In the Arts: Big Technology Company Pledges to Maintain Giving, New York City Opera Signs Staff Deal
August 25, 2009 | Read Time: 1 minute
The European engineering and information-technology giant Siemens will maintain its annual giving for the arts and other projects at about $72-million despite declining business, says Bloomberg.
The firm, which sponsors the annual Bayreuth and Salzburg music festivals, among other social and cultural activities, reported a 28-percent decline in orders in July and cut 17,000 jobs last year.

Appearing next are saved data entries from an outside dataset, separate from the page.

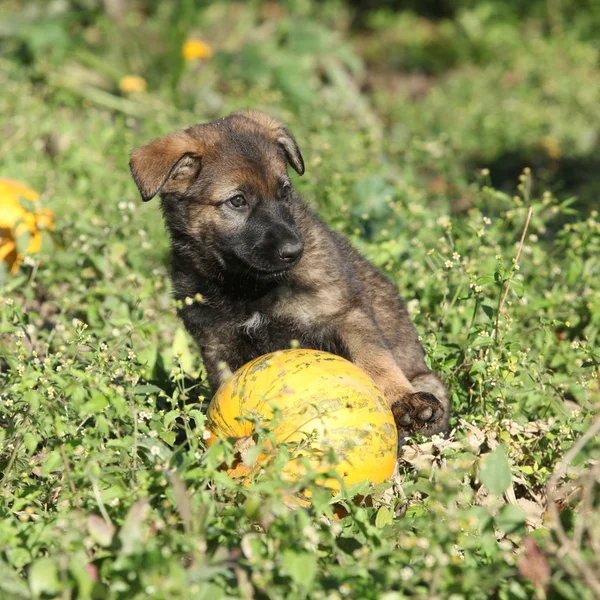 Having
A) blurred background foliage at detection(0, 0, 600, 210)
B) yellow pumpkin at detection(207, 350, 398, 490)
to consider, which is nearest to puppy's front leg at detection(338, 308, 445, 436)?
yellow pumpkin at detection(207, 350, 398, 490)

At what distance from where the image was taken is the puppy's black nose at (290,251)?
3.75m

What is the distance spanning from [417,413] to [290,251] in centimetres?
87

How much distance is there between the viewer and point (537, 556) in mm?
2361

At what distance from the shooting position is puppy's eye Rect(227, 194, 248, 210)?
4055 mm

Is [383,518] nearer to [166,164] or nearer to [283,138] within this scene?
[166,164]

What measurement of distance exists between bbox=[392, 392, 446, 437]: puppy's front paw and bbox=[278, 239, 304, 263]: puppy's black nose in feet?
2.50

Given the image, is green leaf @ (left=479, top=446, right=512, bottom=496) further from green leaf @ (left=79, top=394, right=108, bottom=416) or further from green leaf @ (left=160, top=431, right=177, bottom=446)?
green leaf @ (left=79, top=394, right=108, bottom=416)

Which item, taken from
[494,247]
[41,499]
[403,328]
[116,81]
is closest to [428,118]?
[116,81]

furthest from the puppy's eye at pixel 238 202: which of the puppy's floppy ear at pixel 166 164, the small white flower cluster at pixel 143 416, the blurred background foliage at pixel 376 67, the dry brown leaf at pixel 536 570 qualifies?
the blurred background foliage at pixel 376 67

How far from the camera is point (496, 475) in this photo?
8.82ft

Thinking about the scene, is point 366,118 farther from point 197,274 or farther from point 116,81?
point 197,274

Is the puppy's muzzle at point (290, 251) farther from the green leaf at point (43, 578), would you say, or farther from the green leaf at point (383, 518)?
the green leaf at point (43, 578)

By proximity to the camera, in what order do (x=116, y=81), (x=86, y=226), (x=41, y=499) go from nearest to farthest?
(x=41, y=499)
(x=86, y=226)
(x=116, y=81)

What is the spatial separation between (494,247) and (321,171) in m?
1.41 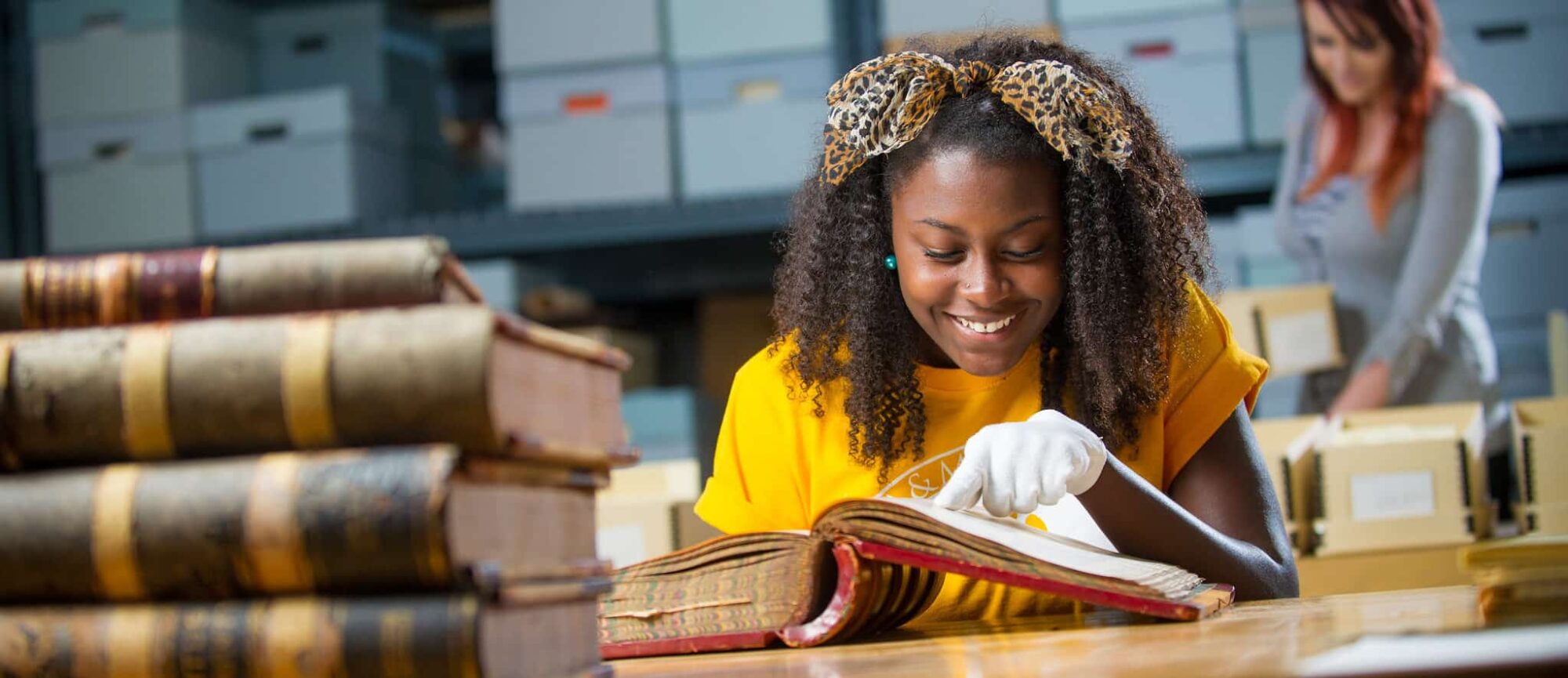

Stephan Heimbach, a spokesman for Siemens, said its long-term patronage activities “are not a dispensable quality in an economically difficult environment.”
In other arts news, New York’s City Opera has reached a deal with its singers, dancers, and production staff that will allow the financially strapped company to cut labor costs, according to The New York Times. Under the two-year contract, the opera will cut guaranteed work for American Guild of Musical Artists members from 26 to 22 weeks this year. Next year it will guarantee 23 weeks.
And The Denver Post reports on the travails of the Colorado Ballet, which had just shaken off the effects of a financial crisis a few years ago when the current recession hit. Contributions have dropped 60 percent in the past year, fueling a $500,000 budget shortfall.